Section 7.02                             Rights of Trustee.

 

(a)                                 The Trustee may conclusively rely and shall be fully protected in acting or refraining from acting upon any document believed by it to be genuine and to have been signed or presented by the proper Person. The Trustee need not investigate any fact or matter stated in the document.

 

(b)                                 Before the Trustee acts or refrains from acting, it may require an Officer’s Certificate or an Opinion of Counsel or both. The Trustee shall not be liable for any action it takes or omits to take in good faith in reliance on such Officer’s Certificate or Opinion of Counsel.
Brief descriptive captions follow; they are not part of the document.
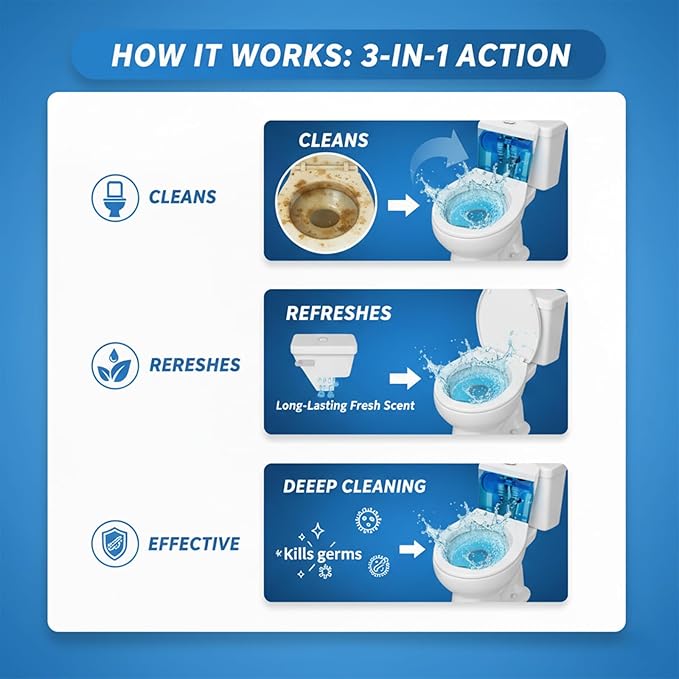 Blue Automatic Toilet Tank Cleaners, Long-Lasting Household Toilet Cleaners,Toilet flush Cleaning & Deodorizer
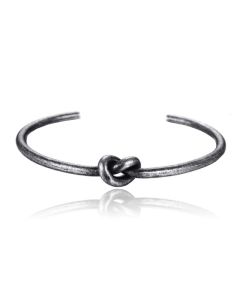 Zwarte Edelstaal Damesarmband met Knoop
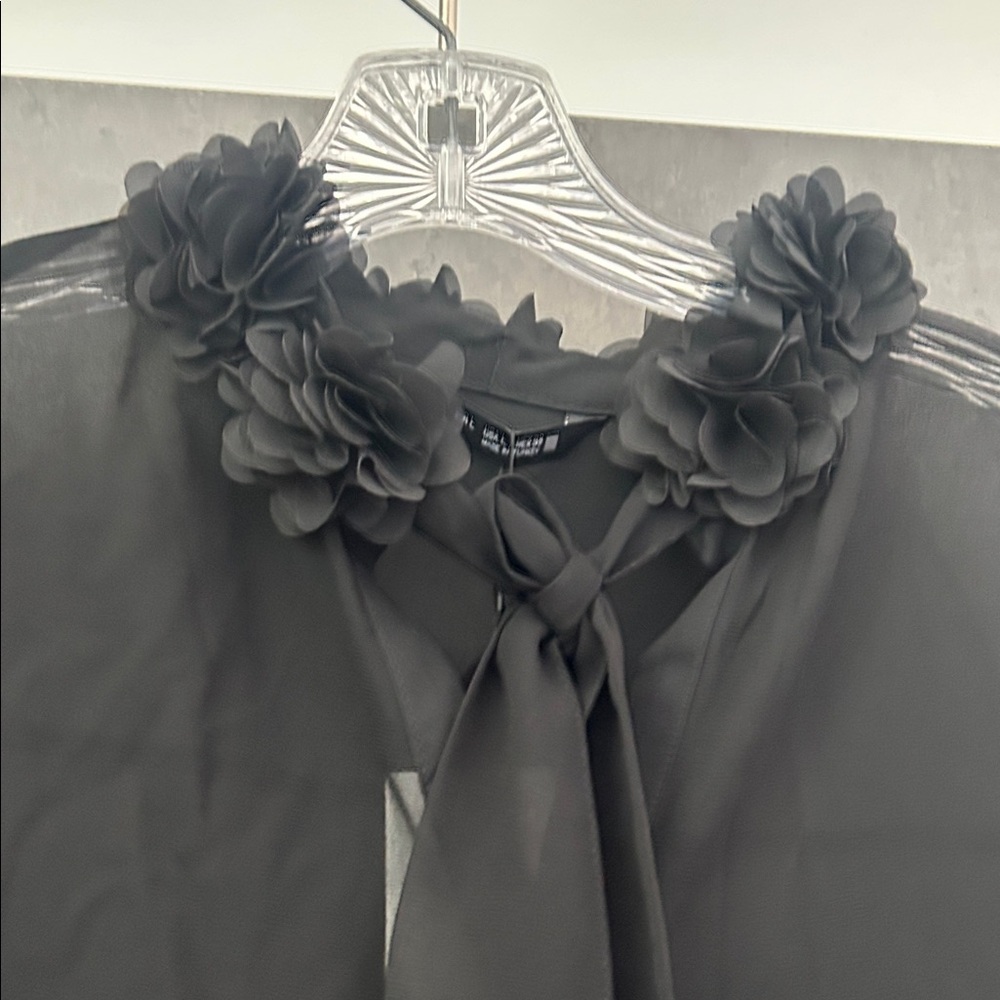 Zara Black Blouse Floral Applique Details Bow Tie Sheer NWT Sz L - Picture 4 of 8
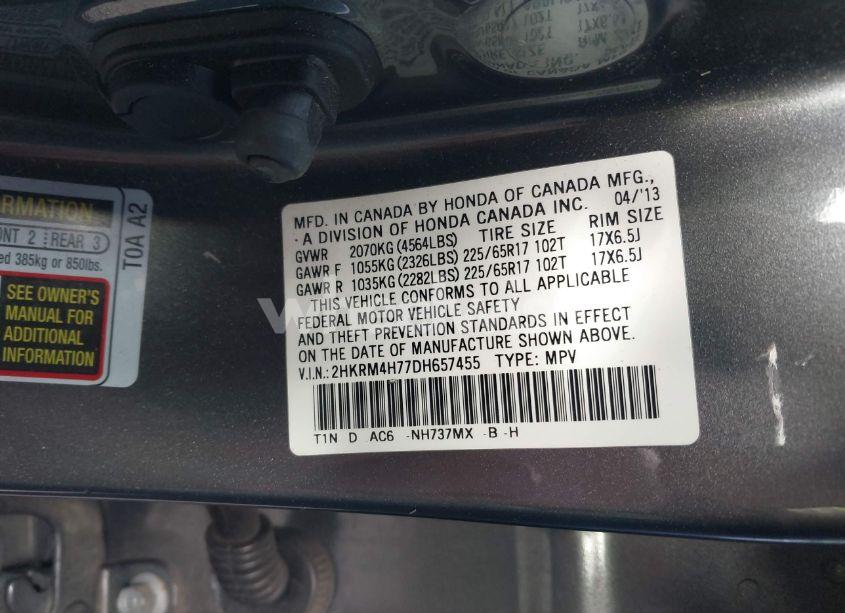 Photo 9 of 2013 Honda Cr-v EX-L (VIN 2HKRM4H77DH657455)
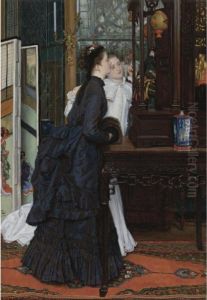 Young Ladies Admiring Japanese Objects by James Jacques Joseph Tissot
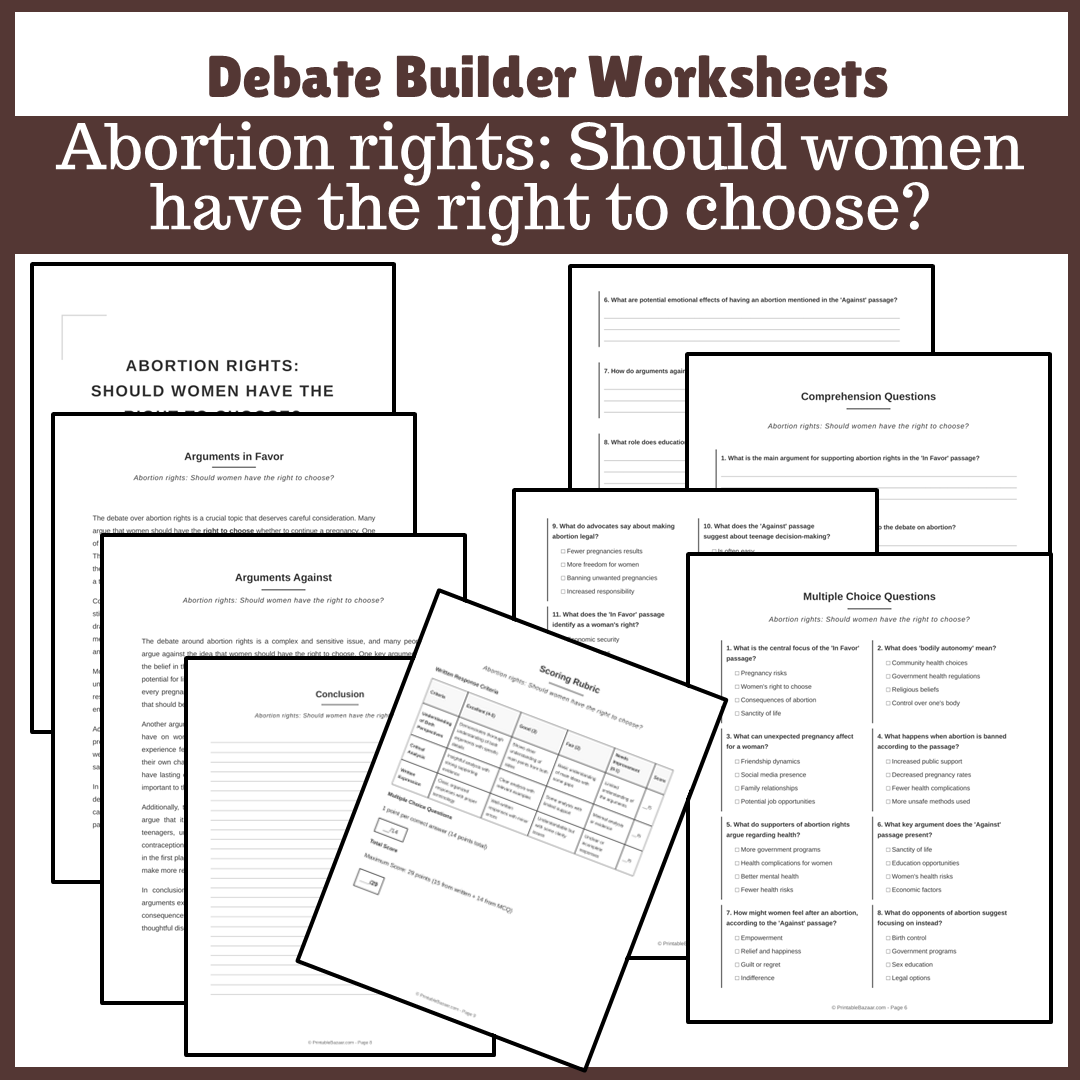 Abortion rights: Should women have the right to choose? | Favour and Against Worksheet Printable Activity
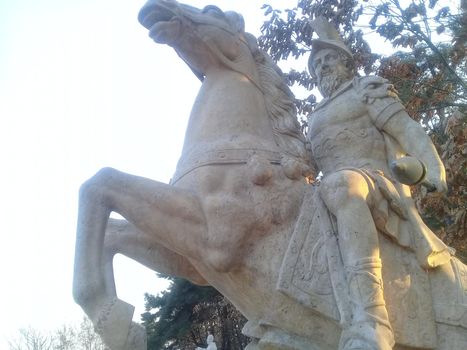 CHUNCHEON, SOUTH KOREA- February, 2018: White marble statue of Historical person with lovely stature settled in a public park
The Trustee may consult with counsel of its selection and the advice of such counsel or any Opinion of Counsel shall be full and complete authorization and protection from liability in respect of any action taken, suffered or omitted by it hereunder in good faith and in reliance thereon.

 

(c)                                  The Trustee may act through its attorneys and agents and shall not be responsible for the misconduct or negligence of any attorney or agent appointed with due care.

 

(d)                                 The Trustee shall not be liable for any action it takes, suffers, or omits to take in good faith that it believes to be authorized or within the discretion or rights or powers conferred upon it by this Indenture.

 

(e)                                  Any demand, request, direction or notice from the Company shall be sufficient if signed by an Officer of the Company issuing such demand, request or notice.

 

(f)                                   The Trustee shall be under no obligation to exercise any of the rights or powers vested in it by this Indenture at the request or direction of any of the Holders unless such Holders shall have offered to the Trustee security or indemnity satisfactory to the Trustee against the costs, expenses and liabilities that might be incurred by it in compliance with such request or direction.

 

(g)                                  Whenever in the administration of this Indenture the Trustee shall deem it desirable that a matter be proved or established prior to taking, suffering or omitting any action hereunder, the Trustee (unless other evidence be herein specifically prescribed) may, in the absence of bad faith on its part, conclusively rely upon an Officer’s Certificate.

 

(h)                                 The Trustee shall not be deemed to have notice or be charged with knowledge of any Default or Event of Default unless written notice of any event which is in fact such a Default or Event of Default is received by a Responsible Officer of the Trustee at the Corporate Trust Office of the Trustee, and such notice references the Notes and this Indenture.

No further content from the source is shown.